This may be a bit of a misrepresentation, as precision is only one part of the story here. The length of the available records is also crucial—hence the need for studies of tide gauge data.
Global geological sea-level data from the Common Era (last 2000 years), global sea-level data from tide gauge records since 1880 and now satellite sea-level data from 1993 all show that the rate of sea level rise is accelerating. These accelerations in sea level is a cause for great concern. As the satellite altimetry record length grows so does the satellite derived time series of (near) global mean sea surface height. Putting recent estimates of GMSL, 2.6-3.2 mm/yr, into historical context is an important and daunting task, and is necessary in order to quantify sea-level accelerations, both regionally and globally. This CNN article highlights the importance of Nerem’s excellent paper.
“Sea level rise of 65 centimeters, or roughly 2 feet would cause significant problems for coastal cities around the world.”
It should be mentioned that this is a global average. The increase will not be uniform—exacerbating the consequences described below.
But there is one caveat that I would like to bring up, whether sea level showed an acceleration or not in the satellite era is of less importance compared to the rates of rise we will have to endure in the remainder of the 21st century (and beyond). Predictions of future sea level rise should be based on physics, not statistics. Statistics simply doesn’t enable us to foresee the future beyond a very brief window of time. Even given the observed acceleration in the satellite era, the forecasts we should attend to are not from statistics but from physics.
“Therefore, scientists now have observed evidence validating climate model projections”
I think this is a strong statement.
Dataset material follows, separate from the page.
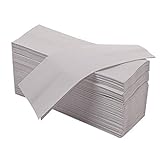 Defacto Papierhandtücher Falthandtücher für Zickzack Papierhandtuchspender - besonders saugfähig, 1-lagig, GRAU (5000 Blatt/Grau)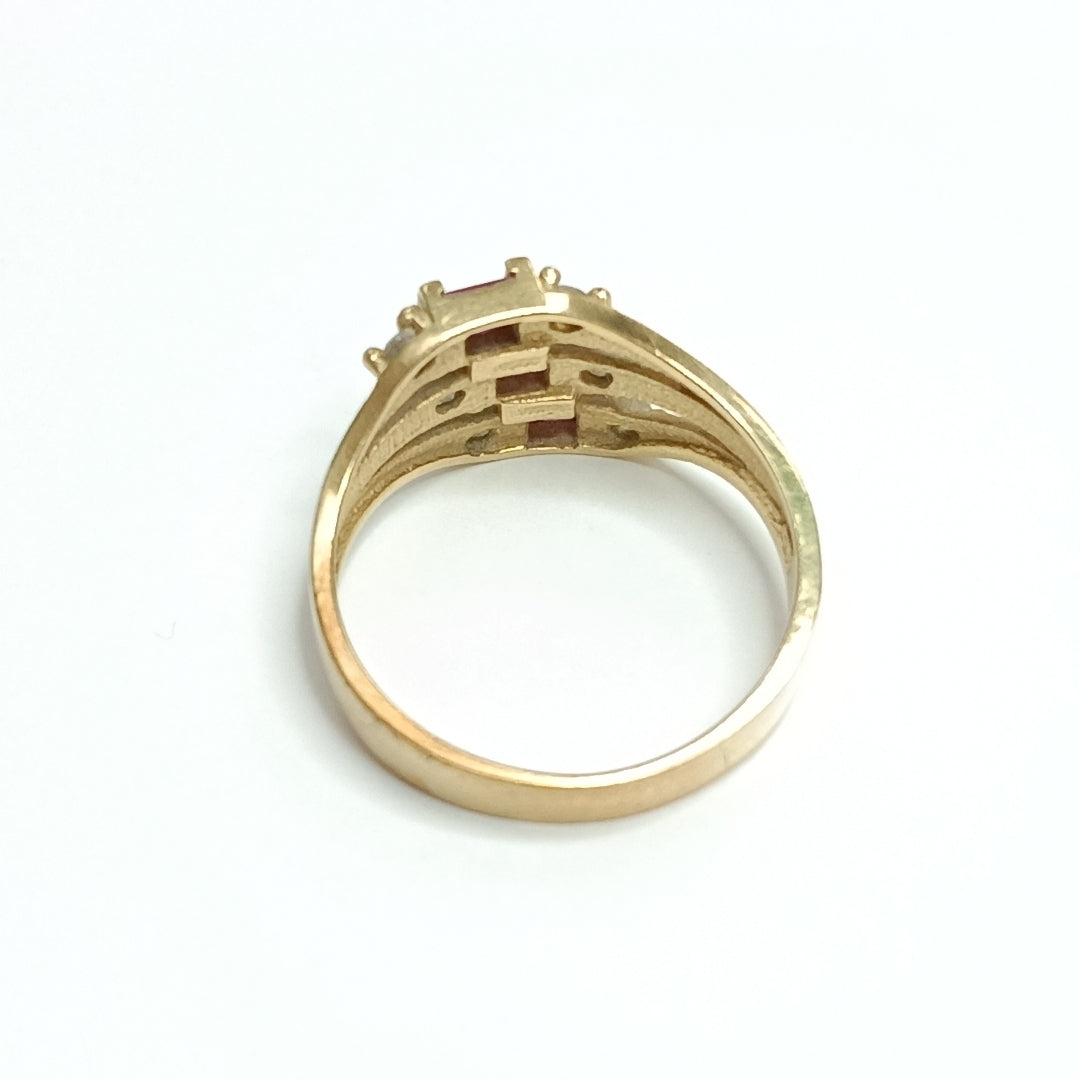 ANILLO ORO 14 K 4 GRMS (SEMINUEVO)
The authors are not validating model predictions against observations—they are comparing model predictions to an extrapolation obtained from 25 years of data.
“Theirs is a troubling finding when considering the recent rapid ice loss in the ice sheets. ‘Sixty-five centimeters is probably on the low end for 2100,’ Nerem said, ‘since it assumes the rate and acceleration we have seen over the last 25 years continues for the next 82 years.’”
This is an important point, and it is good to see it mentioned in the article.